Friday, February 5, 2010

Why so serious? or It's just a f@%$!ng comic book!

Today on Newsarama there was a post by David Pepose about the fact that DC is considering the possibility of doing sequels to Watchmen. Let the fanboy outrage ensue.

I for one don't give a shit whether they do 50 sequels, Watchmen cereal, Rorschach toothpaste and a Saturday morning cartoon using the characters. After all I don't own those characters, DC/Warner Bros owns them and they can do whatever the hell they want.

I enjoyed the original Watchmen as much as the next comic book fan, but it is just comic book, not some kind of sacred text. In the same way Casablanca is just a movie, Huxley's Brave New World is just a book, Elvis was just a musician and Alan Moore is just a writer. Sure all may be good or even great, but they are what they are and nothing more. People tend to attach too much to works and creators/artists that are part of the upper echelon, the best of the best. They attribute an almost sacred aspect to them, holding them in higher regard than they deserve.

I'm not bashing the quality of Moore's work here, I'm simply pointing out that none of this shit is so sacred that it can't be exploited. Common sense will tell you that if it tanks, they won't keep doing it. If it does well then there was demand for it because they put out something that people liked and wanted.

Ok I can already hear the cries of hypocrisy. Wasn't I pissed when D&D 4e came out? Well yeah, but not because it tarnished the name of D&D. I was pissed because of the way I felt WotC treated their fans. I gave 4e a chance and while I admit the system is good, I didn't like playing it. I didn't find it fun.

3e/Pathfinder is the type of system I prefer for D&D. It is that simple, a matter of preference. 4e has not "ruined" D&D or taken away from my ability to enjoy 3e/PfRPG. Do I still hold a grudge against WotC, sure and maybe that colored my judgment of 4e. However, I still own ten 4e books, so I think I gave the system a fair chance. Though in my defense my group didn't care for the system either.

Now what was the purpose of this rambling mess of a post? I guess I just wish that people would get over themselves. Don't take this shit so seriously and don't discount something until you at least give it try. Nothing is sacred and just because you love a certain piece of work doesn't mean that another one can't be just as enjoyable. After all the purpose of comics, movies, games, music, and fiction is entertainment. If they teach us something in the process, build character, or make us think, then we benefit from their existence. Still they are nothing more than what they are, a form of entertainment.

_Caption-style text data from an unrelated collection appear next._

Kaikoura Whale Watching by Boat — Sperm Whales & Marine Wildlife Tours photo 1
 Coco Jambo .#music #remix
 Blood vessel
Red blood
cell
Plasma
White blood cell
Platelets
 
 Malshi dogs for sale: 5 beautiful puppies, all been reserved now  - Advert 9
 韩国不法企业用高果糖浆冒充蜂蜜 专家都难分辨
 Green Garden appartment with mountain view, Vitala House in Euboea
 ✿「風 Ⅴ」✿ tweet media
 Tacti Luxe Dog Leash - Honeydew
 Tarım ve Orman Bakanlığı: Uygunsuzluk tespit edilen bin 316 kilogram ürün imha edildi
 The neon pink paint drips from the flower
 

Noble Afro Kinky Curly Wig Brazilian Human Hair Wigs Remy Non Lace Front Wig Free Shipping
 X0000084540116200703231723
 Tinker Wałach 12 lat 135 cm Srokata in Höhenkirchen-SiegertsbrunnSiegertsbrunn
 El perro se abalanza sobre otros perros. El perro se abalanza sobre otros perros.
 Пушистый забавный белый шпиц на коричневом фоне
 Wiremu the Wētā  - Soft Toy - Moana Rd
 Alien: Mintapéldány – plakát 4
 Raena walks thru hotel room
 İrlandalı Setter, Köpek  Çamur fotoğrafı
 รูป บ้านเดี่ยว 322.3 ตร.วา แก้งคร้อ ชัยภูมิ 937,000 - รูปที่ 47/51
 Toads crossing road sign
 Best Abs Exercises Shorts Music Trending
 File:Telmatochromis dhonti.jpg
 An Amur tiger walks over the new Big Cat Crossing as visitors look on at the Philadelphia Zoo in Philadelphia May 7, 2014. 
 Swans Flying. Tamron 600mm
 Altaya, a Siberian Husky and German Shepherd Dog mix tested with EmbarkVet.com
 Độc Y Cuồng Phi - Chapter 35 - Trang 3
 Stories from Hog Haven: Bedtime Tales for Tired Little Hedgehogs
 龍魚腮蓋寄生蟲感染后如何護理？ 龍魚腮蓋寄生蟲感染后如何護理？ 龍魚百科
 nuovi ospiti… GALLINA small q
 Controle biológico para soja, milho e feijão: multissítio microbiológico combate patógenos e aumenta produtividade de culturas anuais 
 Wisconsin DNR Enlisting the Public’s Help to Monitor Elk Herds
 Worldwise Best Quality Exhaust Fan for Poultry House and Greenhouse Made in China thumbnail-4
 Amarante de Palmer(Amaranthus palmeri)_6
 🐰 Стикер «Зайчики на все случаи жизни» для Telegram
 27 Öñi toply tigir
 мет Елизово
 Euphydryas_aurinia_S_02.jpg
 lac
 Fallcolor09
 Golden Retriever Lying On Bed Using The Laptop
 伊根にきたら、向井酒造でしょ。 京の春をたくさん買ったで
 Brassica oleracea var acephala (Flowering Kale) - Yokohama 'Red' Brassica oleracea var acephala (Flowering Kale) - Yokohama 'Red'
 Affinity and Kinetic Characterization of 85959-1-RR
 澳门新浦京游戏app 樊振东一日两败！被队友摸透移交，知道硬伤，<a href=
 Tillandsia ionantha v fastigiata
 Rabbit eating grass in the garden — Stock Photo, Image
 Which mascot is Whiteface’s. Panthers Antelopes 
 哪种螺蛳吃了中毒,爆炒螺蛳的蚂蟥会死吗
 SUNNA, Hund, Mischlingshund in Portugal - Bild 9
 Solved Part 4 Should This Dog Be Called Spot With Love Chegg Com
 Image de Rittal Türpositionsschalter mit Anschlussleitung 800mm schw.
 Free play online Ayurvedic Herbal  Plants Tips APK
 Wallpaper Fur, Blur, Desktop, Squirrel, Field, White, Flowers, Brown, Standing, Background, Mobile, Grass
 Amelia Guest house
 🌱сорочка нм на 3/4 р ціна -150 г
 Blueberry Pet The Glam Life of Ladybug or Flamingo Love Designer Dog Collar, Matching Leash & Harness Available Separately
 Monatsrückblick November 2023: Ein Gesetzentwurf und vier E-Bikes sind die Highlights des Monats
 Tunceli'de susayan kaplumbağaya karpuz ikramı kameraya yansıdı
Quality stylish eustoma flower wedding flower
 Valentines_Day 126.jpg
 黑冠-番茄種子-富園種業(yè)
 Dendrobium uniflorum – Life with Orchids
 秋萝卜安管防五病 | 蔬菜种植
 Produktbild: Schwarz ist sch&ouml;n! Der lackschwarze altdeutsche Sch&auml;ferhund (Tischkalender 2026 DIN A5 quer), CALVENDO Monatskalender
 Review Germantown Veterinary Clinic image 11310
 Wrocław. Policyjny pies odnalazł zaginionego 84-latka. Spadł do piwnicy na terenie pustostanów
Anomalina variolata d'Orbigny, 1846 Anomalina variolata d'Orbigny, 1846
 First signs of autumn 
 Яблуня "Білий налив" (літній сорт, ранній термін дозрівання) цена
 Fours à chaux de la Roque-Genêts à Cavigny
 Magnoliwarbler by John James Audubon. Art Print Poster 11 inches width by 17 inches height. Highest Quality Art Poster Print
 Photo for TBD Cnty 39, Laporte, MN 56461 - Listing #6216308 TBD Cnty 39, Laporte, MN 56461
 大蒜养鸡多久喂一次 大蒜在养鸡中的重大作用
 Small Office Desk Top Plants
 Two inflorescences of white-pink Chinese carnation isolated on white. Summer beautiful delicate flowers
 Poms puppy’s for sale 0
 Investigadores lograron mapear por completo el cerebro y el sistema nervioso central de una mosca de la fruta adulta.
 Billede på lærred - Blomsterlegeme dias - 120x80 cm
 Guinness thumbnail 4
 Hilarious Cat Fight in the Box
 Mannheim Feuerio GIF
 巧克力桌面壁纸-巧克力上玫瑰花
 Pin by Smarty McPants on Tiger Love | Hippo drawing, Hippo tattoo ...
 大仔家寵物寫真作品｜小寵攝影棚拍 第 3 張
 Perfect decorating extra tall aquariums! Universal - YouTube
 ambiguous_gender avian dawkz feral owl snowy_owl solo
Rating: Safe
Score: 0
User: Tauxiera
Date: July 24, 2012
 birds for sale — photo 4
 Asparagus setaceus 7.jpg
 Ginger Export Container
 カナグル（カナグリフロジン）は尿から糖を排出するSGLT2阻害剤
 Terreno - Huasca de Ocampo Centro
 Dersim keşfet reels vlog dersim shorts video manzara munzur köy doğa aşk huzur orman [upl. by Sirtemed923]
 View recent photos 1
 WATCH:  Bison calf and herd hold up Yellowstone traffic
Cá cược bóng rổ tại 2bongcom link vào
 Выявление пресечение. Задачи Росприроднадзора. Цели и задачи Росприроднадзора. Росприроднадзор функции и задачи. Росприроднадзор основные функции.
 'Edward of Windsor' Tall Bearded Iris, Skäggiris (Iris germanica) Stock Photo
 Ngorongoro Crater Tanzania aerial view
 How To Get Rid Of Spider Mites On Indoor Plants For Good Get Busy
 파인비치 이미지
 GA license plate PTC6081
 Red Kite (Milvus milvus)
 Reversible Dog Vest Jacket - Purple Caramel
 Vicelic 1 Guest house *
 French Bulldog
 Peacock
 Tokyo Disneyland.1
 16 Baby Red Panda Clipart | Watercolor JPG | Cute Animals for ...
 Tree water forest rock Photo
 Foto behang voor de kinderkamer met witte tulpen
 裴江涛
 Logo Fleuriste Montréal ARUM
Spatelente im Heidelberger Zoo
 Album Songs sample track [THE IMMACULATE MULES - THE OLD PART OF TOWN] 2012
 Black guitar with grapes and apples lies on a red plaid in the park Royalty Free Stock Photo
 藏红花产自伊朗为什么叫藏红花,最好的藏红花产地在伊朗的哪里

Don't take this stuff so seriously.

6 comments:

Russ said...

I don't think the angst about is really about the titles so much. Hollywood treats the genre like crap and goes out of their way to make sure horrendous crappy scripts are provided to scifi movies. That's got a lot to do with the scifi community being so defensive. It's not about oh noes they're changing the Watchmen. I don't trust those guys to write a movie that doesn't mock the watchmen.

Geek Gazette said...

The sequels are about comic book sequels from what I understand not the movie.

katallos said...

I'm sorry that it took you 10 books to figure out that 4e isn't right for you, that's a huge monetary investment on something that sucks. I was able to determine that it would be no good from the reviews I read shortly after it's release, and a few friends wasted their money on the core books before realizing 4e was no fun.

Geek Gazette said...

It didn't really take me that long to realize that 4e wasn't the system for me. I actually realized that after playing a couple of games with the core books. There are actually 3 primary reasons that I continued to get more 4e books.
1. At the time my group really liked the system and wanted to keep playing it. I'm willing to play anything and since they have no objection with me, as the DM, making changes I figured it wouldn't hurt to get some of the other books. Plus they are FR fans and I never was a fan of the CS. So the time jump in 4e was enticing and the reason I bought the books. It seemed to give a newer FR player a less complicated place to start.
2. Some of them were gifts. The non-gamer friends and family continued to buy me 4e books long after we quit playing. All they knew is that it was D&D and the people at the store said that book "X" was the newest. So their intentions were good. Besides I have books for tons of systems I don't play. I like reading them from time to time.
3. I wanted to make sure that my negative opinion of WotC wasn't the reason for my lack of fondness for the system. I wanted to give the game a fair chance. I may not like it but I do stand by the fact I think the system itself is solid. I just don't enjoy playing it.
There are a few other minor reasons, but those are the main ones.